Back in the day, I would percolate in some music culture to help drown out the noise from the day. Tuesday nights were jazz night at Justin’s. For me; jazz is best live or while soaking in a bath, as long as either scenario also involves a glass of red wine.
This weekly jazz rendezvous is where I met Yuko Kishimoto. Her hands would dance wildly over the keys while the rest of her body held carriage. She had a uninhibited sophisticated quality that I was drawn to. It was mesmerizing the way she played the piano like no other. As time went by; we would share our love of fine scotch, dry humor and trade stories.
photo © Rudy Lu
Yuko Kishimoto debuted her album Songbook at a CD release party on August 31, 2011. The official release is due sometime in the beginning of October. She is a gifted composer who started playing the piano at 3 years old. She had created original compositions and arrangements but had no CD of her own. Thanks to the Albany music and art community as well as money generated from Kickstarter, a CD was born.
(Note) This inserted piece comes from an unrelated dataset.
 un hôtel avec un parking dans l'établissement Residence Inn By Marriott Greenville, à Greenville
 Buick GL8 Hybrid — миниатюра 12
The CD was her last hoorah. Unfortunately she was forced to leave the country after losing her working visa and then rights to continue on the path to obtaining a green card. The road to citizenship is kind of like the DMV. You wait in line to receive a number, then wait for your number to be called to receive some paper work. Usually you’re told you need some form that you don’t have with you, so you run home and come back to wait in line for another number. Of course obtaining a green card is more complicated and the timeline is stretched out over years but you get the idea.
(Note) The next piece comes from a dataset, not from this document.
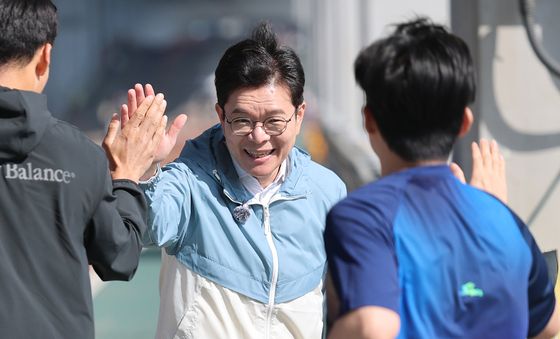 러너 응원하는 정원오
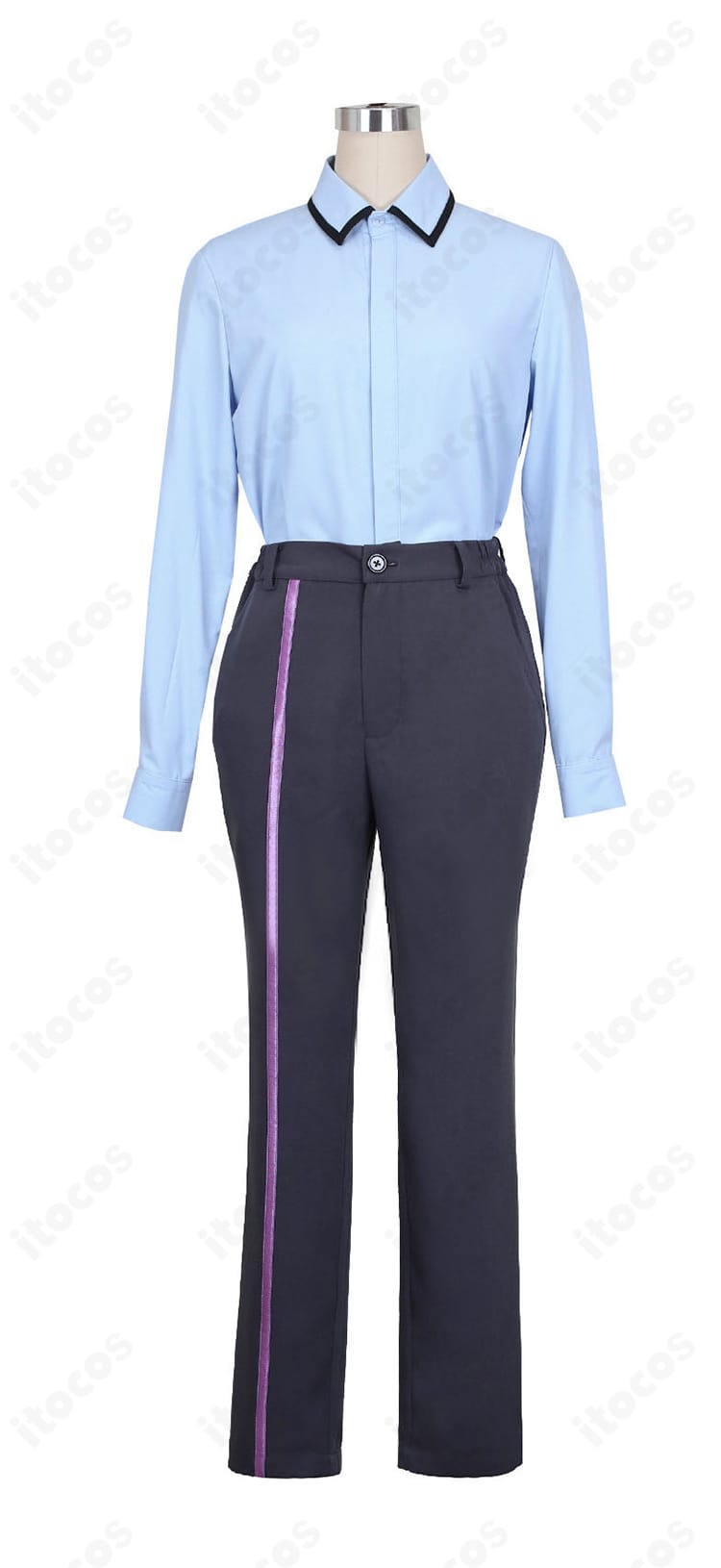 長袖シャツの袖口と生地質感のアップ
Albany has lost a person who contributed to the community her talent to both entertain and teach small children the love of piano. The jazz scene in and around Albany has lost a piece of her soul. I felt this even more when she finally had to leave.
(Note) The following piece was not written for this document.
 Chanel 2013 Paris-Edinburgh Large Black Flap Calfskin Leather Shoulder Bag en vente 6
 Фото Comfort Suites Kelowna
I had do a few things that she forgot to do in the whirlwind of the last few hours before her inevitable departure. My help was need to mail the last Netflix movie back, drop off her Time Warner modem and grab her handwritten compositions. The last item I will return to her once she gets settled in Japan. (Such a good reason to visit Japan!)
In her last few days she prepared for what was most important; the release her first CD. When I walked through her apartment, jumbled with items left behind, I felt sad and missed my friend. The things she left gave off a eerie feeling. Just stuff. You find out what is most important to you when have to leave most of it behind. Since it was all going into the garbage, I had sifted and collected a few items I didn’t want to see thrown out just yet. I couldn’t help but contradict the affect that the room gave off. I wanted to keep a few mementos of my dear friend alive.